What the task asks =>
Take the line containing "Espresso-Becher 4oz 100ml" and every line after it to the end of the records, and copy them exactly, leaving out pictures.

Material to process =>
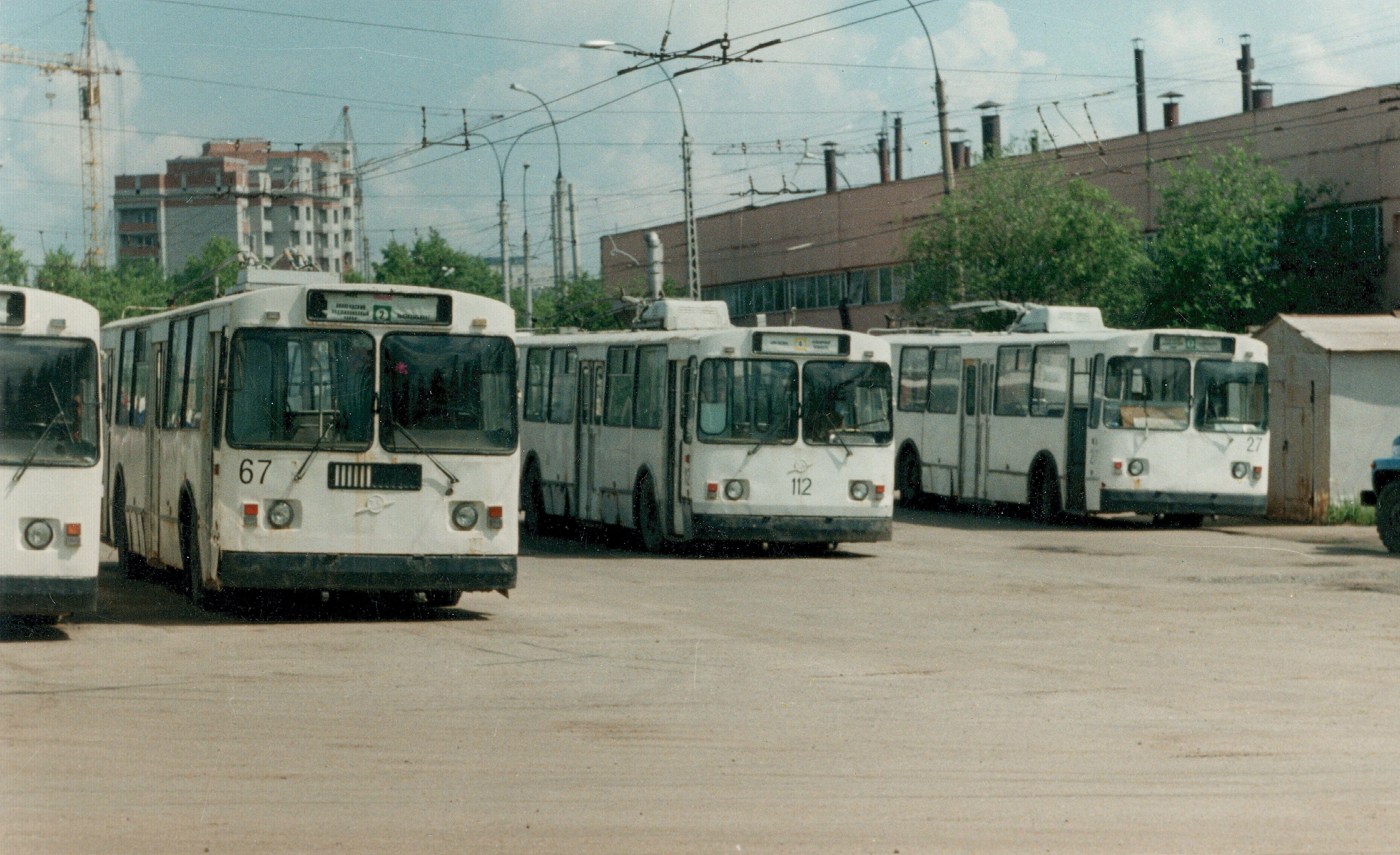 Vologda, ZiU-682G [G00] # 67; Vologda, ZiU-682V [V00] # 112; Vologda, ZiU-682V # 27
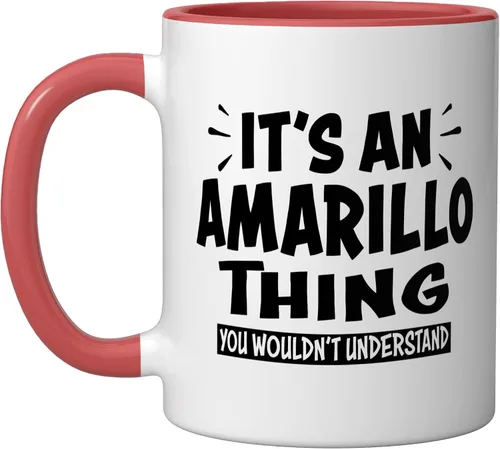 Miniatura 5 de Amarillo Trip Lovers Thing You Wouldn't Understand Ceramic Mug, Black/White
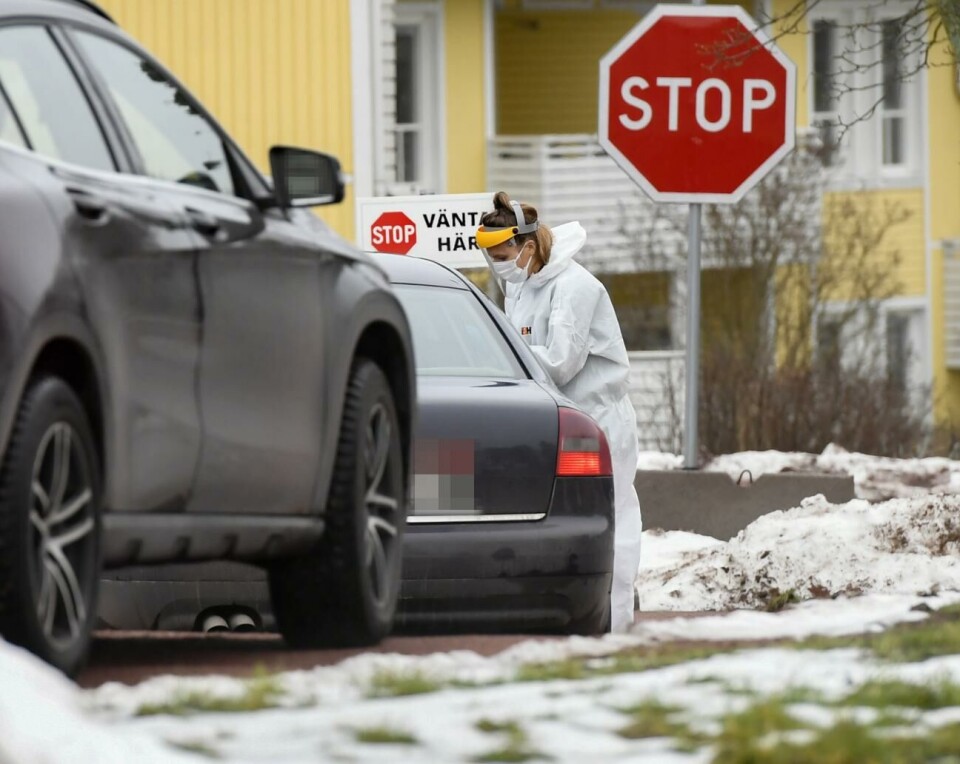 Fem nya fall av corona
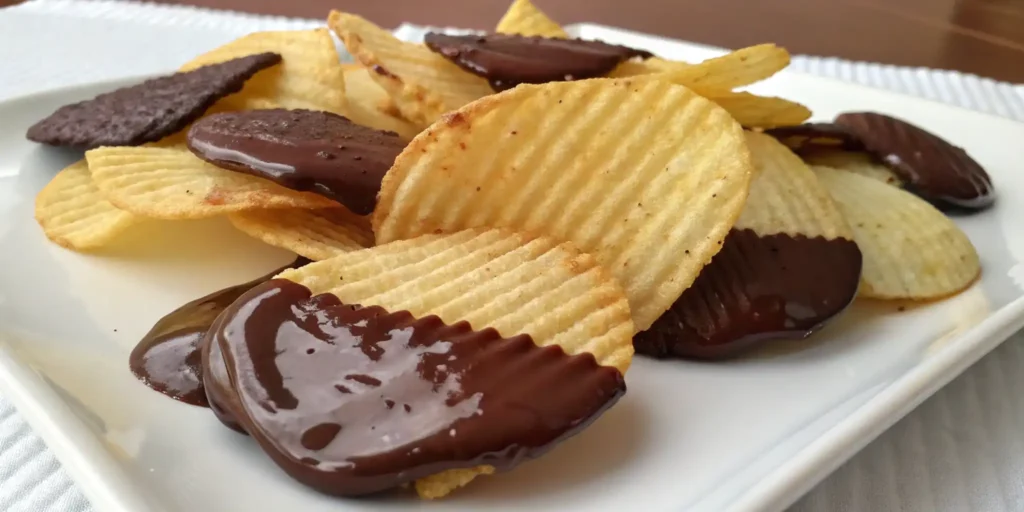 best chocolate covered potato chips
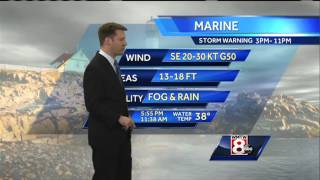 Ted's Tuesday Morning Weather Forecast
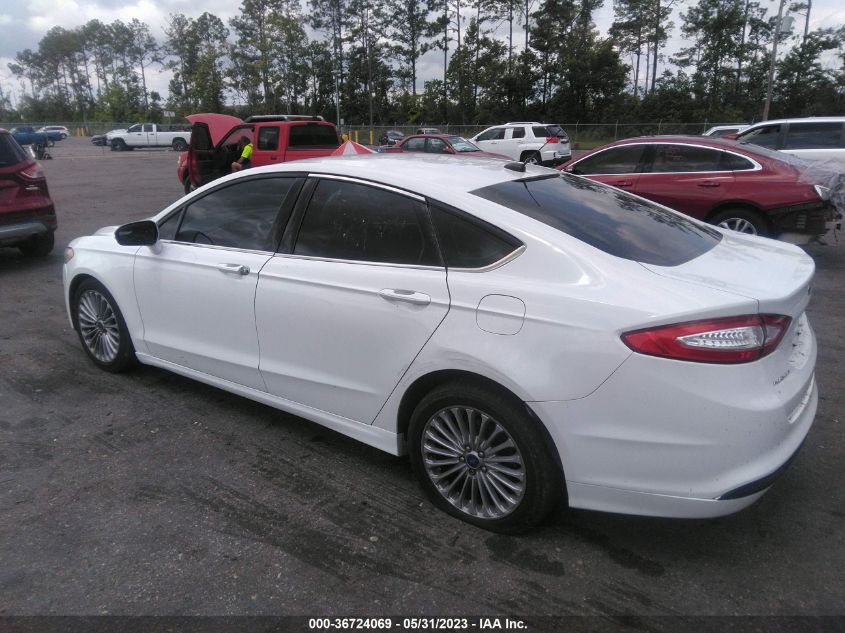 2015 FORD FUSION SE - 3FA6P0H7XFR265353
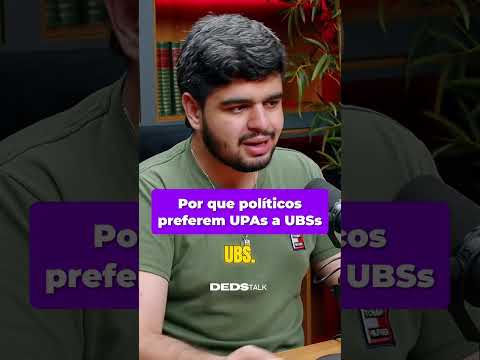 Por que políticos preferem UPAs a UBSs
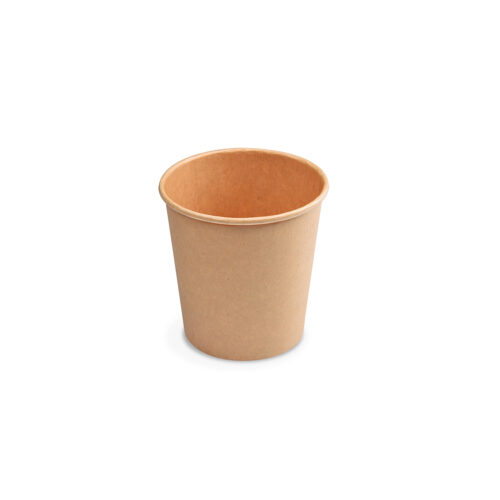 Espresso-Becher 4oz 100ml (Ø62mm) Design KRAFT braun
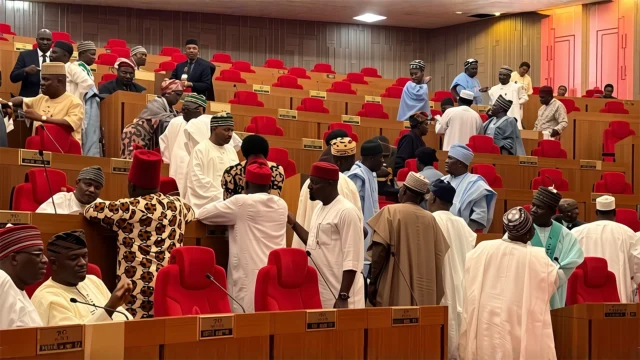 Reps in rowdy session over electoral act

Task result =>
 Espresso-Becher 4oz 100ml (Ø62mm) Design KRAFT braun
 Reps in rowdy session over electoral act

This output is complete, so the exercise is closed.